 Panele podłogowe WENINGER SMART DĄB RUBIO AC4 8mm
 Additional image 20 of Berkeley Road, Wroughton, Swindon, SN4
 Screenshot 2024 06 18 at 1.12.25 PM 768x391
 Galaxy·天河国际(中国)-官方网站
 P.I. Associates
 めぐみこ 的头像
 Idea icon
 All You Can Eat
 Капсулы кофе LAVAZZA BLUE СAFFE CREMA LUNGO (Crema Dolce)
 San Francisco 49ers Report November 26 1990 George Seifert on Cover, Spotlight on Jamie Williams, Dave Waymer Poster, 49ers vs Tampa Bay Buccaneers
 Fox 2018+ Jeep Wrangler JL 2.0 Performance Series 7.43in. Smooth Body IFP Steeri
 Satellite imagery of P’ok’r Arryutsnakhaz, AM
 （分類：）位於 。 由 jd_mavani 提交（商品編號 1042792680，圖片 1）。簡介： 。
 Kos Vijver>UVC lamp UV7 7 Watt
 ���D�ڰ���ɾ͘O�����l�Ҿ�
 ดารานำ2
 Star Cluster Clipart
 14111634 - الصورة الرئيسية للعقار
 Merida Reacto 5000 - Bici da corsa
□ □ □
*Goal of the exercise*. Would you please repeat, exactly as written, the lines from the one containing "Galaxy·天河国际(中国)-官方网站" through the end of the listing above, including both, and only those?

*Problem solution*.
 Galaxy·天河国际(中国)-官方网站
 P.I. Associates
 めぐみこ 的头像
 Idea icon
 All You Can Eat
 Капсулы кофе LAVAZZA BLUE СAFFE CREMA LUNGO (Crema Dolce)
 San Francisco 49ers Report November 26 1990 George Seifert on Cover, Spotlight on Jamie Williams, Dave Waymer Poster, 49ers vs Tampa Bay Buccaneers
 Fox 2018+ Jeep Wrangler JL 2.0 Performance Series 7.43in. Smooth Body IFP Steeri
 Satellite imagery of P’ok’r Arryutsnakhaz, AM
 （分類：）位於 。 由 jd_mavani 提交（商品編號 1042792680，圖片 1）。簡介： 。
 Kos Vijver>UVC lamp UV7 7 Watt
 ���D�ڰ���ɾ͘O�����l�Ҿ�
 ดารานำ2
 Star Cluster Clipart
 14111634 - الصورة الرئيسية للعقار
 Merida Reacto 5000 - Bici da corsa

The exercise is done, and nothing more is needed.